Which perhaps goes some way to explaining why he was generally loathed by the press, controlled then as generally now by very rich press “barons”. He continually attacked vested interests. He considered the exploitation of workers as a flagrant violation of the Gospel imperative to love your neighbour as yourself and wasn’t afraid to say so. When he died, only his local newspaper in Scotland honoured his achievements. The Times  wrote: “It was Mr Hardie’s misfortune that he inherited more than an average share of Scottish dourness. The spirit of compromise played but a minor part in his activities. This negative much of his work for the party for which he worked, while his imagination led him astray on many vital points….`’  

Maybe the press proprietors’ antipathy to him was unsurprising. He had little time for them. He moved a private members’ bill in the Commons in 1901, which blamed poverty on private ownership and called for “a Socialist Commonwealth founded upon the common ownership of land and capital, production for use not for profit, and equality of opportunity for every citizen.” “This House and British nation,” he said, “know to their cost the danger which comes from allowing men to grow rich and permitting them to use their wealth to corrupt the press, to silence the pulpit, to degrade our national life, and to bring shame and reproach on a great people in order that a few unscrupulous scoundrels might be able to add to their ill-gotten gains.” That would be a powerful enough sentiment to express today. I imagine it was even more unpalatable then.
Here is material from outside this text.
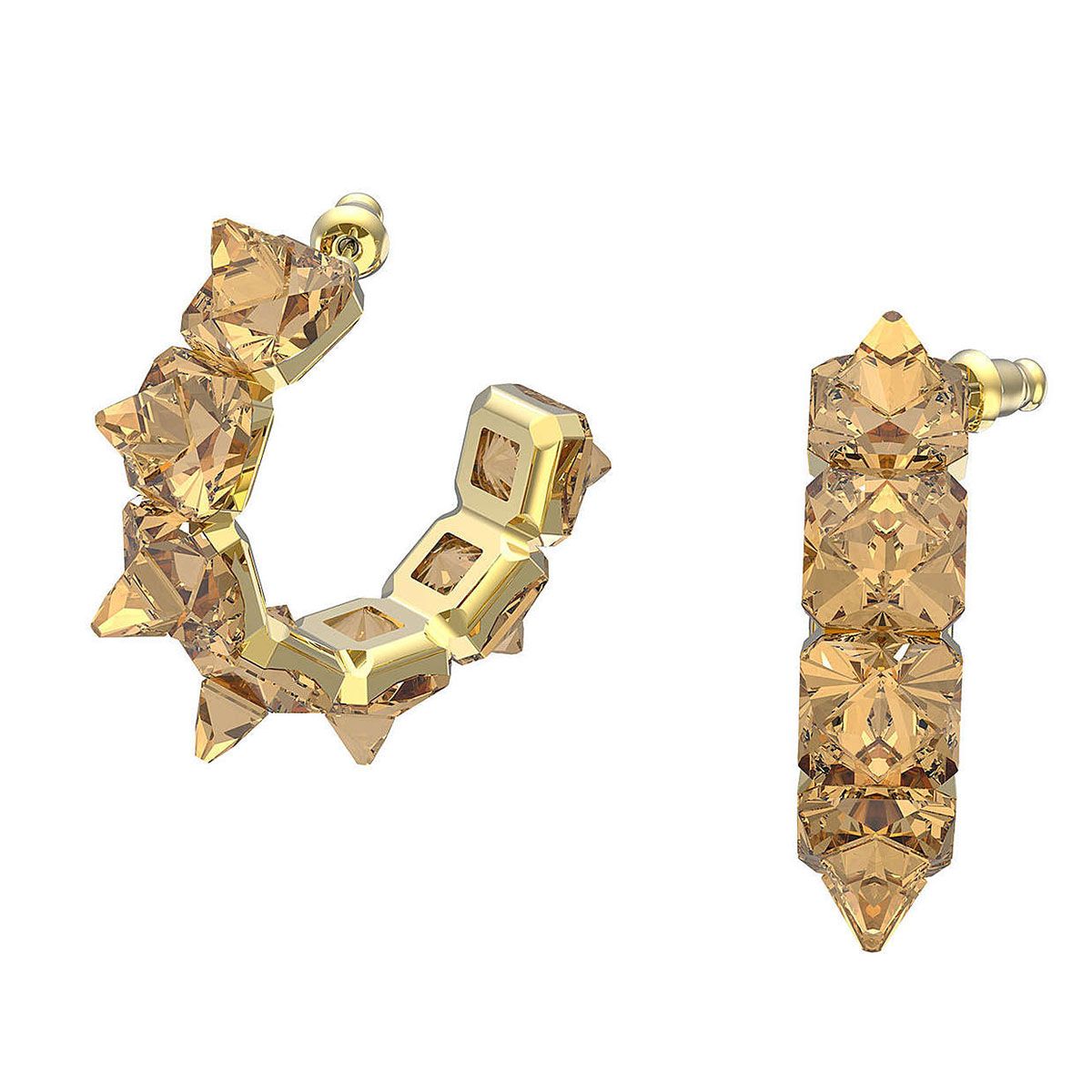 Swarovski Chroma Ohrringe 5613722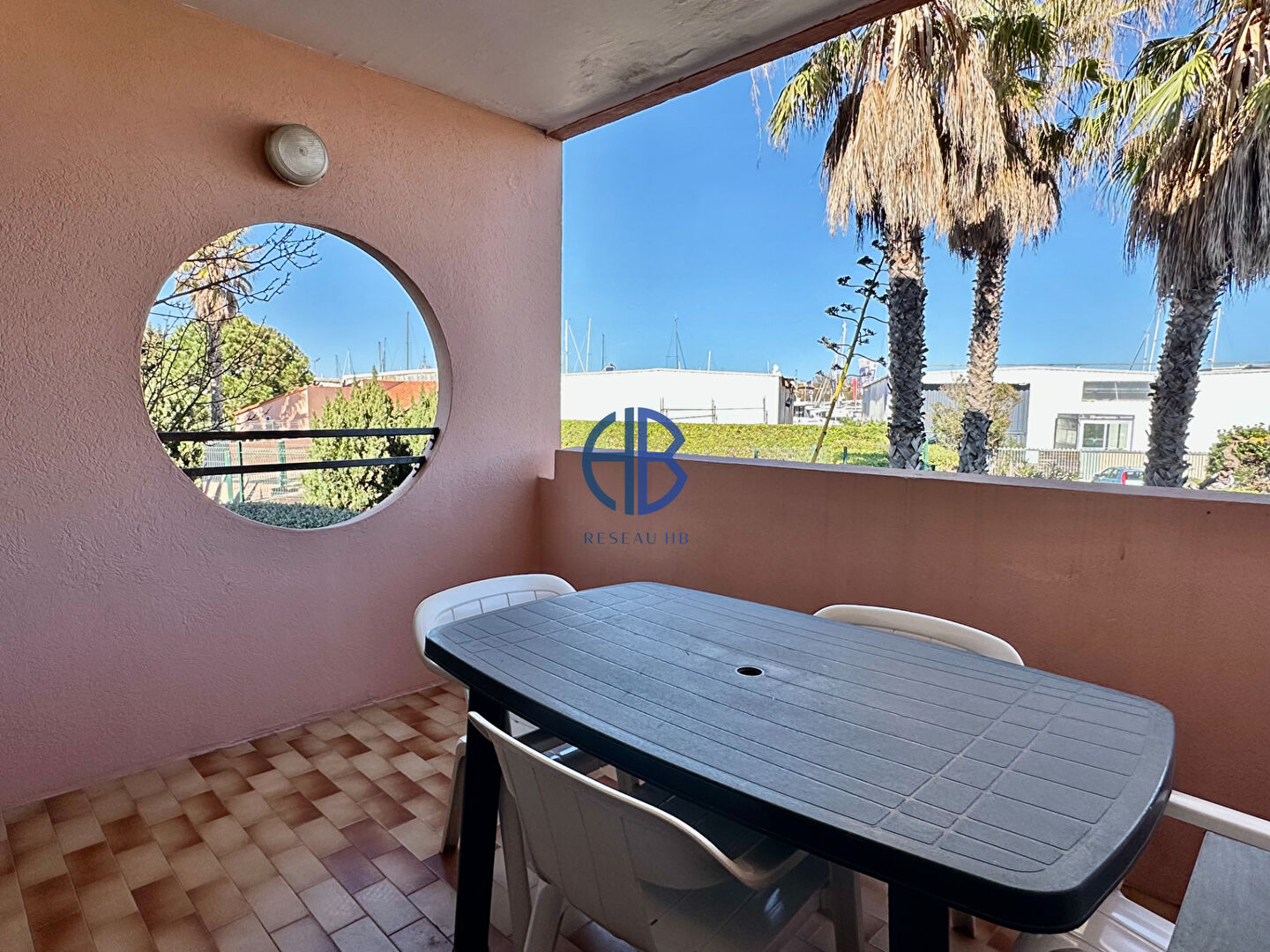 Agence immobilière de Reseau HB - MULET Chloe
This week we’ve had the strange case of The Sun newspaper (along with The Daily Telegraph, The Daily Mail and The Daily Express, which all ran the same story) falling silent after breaking a scoop story about Jeremy Corbyn having been a Czechoslovakian spy in the 1980s. It proved groundless, but gave Conservative politicians licence to attack the man they most fear. However the newspapers have dropped the story – for the time being at least.HH
Hoho

Meanwhile the Deputy Labour leader, Tom Watson, in The Independent newspaper, “argued the new attacks on Mr Corbyn fit a pattern going back decades, which has also seen the same papers attack Ed Miliband’s father as ‘the man who hated Britain’ and vilified Neil Kinnock.
“Mr Watson’s attack comes as Mr Corbyn was forced to threaten legal action against Ben Bradley, an MP and a vice chair of the Conservatives, who, after reading the newspaper coverage, made claims on social media that the Labour leader had ‘sold British secrets’ to communist spies.
“In his article, Mr Watson writes: ‘Newspaper proprietors in this country abuse their power.
‘It’s a unique kind of self-harm for a newspaper to print a story they know is poorly sourced, decide to run it regardless because it suits their political agenda, and pass it off as news.’”

I suspect the same motivation lies behind this dislike of Mr Corbyn as lay behind the attacks on Keir Hardie over 100 years ago. He didn’t seek their favour or mince his words, unlike the majority of those in power in recent times. And in the last two election manifestoes Labour has committed to initiating Leveson Enquiry part 2, which they fear would place them under legal obligations rather than their own rather easy-going voluntary code. He is in their view a danger. What he certainly is not is a traitor, as some Tories were stupidly saying, as Andrew Neil ably demonstrated in his interview with Brexit minister, Steve Baker, on Wednesday – which is one of the best pieces of interviewing I have seen. “Surely the real scandal, Mr Baker, is not what Mr Corbyn has supposedly done, or not done; it’s the outright lies and disinformation which your fellow Tories are spreading. That’s the real scandal, isn’t it?” I urge you to watch the four minutes of eye-opening viewing. And where it started was with an under-researched malicious piece of journalism in one of our tabloid newspapers.